I’m always banging on about the close connection between the movement of investment (expenditure on the means of production) and economic growth. In my view, the evidence is overwhelming (The profits-investment nexus) that it is investment that is the main swing factor in booms and slumps, not personal consumption as many Keynesians focus on. And it is also a key factor in the long-term growth of labour productivity.
A new analysis by the Levy Forecasting Center, an institute that follows closely the views of Keynes, Kalecki and Hyman Minsky, also confirms this view. The report comments that “unsurprisingly, net fixed investment is strongly related to growth.”
The slowdown in real GDP growth since the end of the Great Recession is clearly connected to the slowdown in business investment growth
Business investment in the US has ground to a halt and the age of the existing means of production has risen as ageing equipment and technology is not replaced.

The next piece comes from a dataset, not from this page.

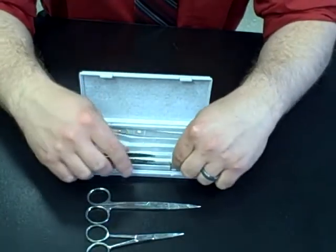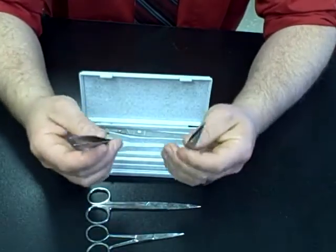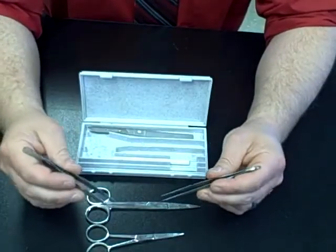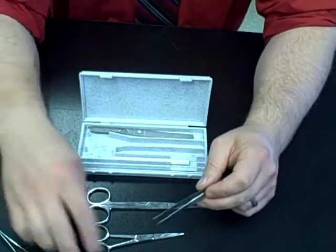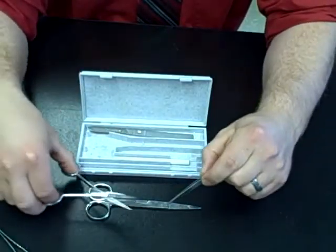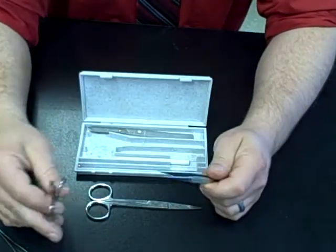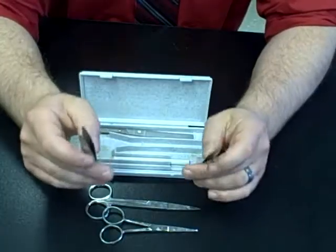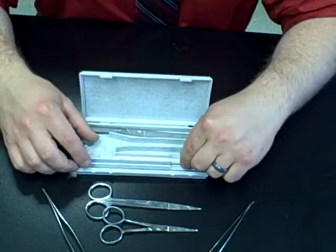All of your dissecting kits have two pairs of tweezers. Some of them will be curved, others will be straight. This is helpful because you can have multiple people in your group helping you — as long as they have the tweezers, you're not really going to get in each other's way. This is also helpful if you need to hold some tissue while someone else is cutting. You should never have your hands near anything being used to cut — whether scissors or the scalpel. You always use the tweezers to hold things. That's why each kit has two.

As Levy puts it: “In 2009, net investment as a share of the capital stock fell to its lowest level in the post-World War II era and the nominal capital stock even declined. Although net investment has rebounded somewhat in the recovery, its level as a share of the capital stock remains well below the historical average and it declined slightly in 2015.”
Levy points out that investment growth contributes to labour productivity growth most directly through capital deepening—the increase in capital services per hour worked. “That had added nearly 1 percentage point a year to labor productivity growth in the post-war period to 2010. But since 2010, capital deepening has subtracted from productivity growth and contributed slightly more to the slowdown from 1948-2010 to 2010-15 than did the slowdown in total factor productivity growth.” In other words, it was just the slowdown or cutback in the sheer amount of investment that did the damage, even more than any slowdown in the use of new techniques.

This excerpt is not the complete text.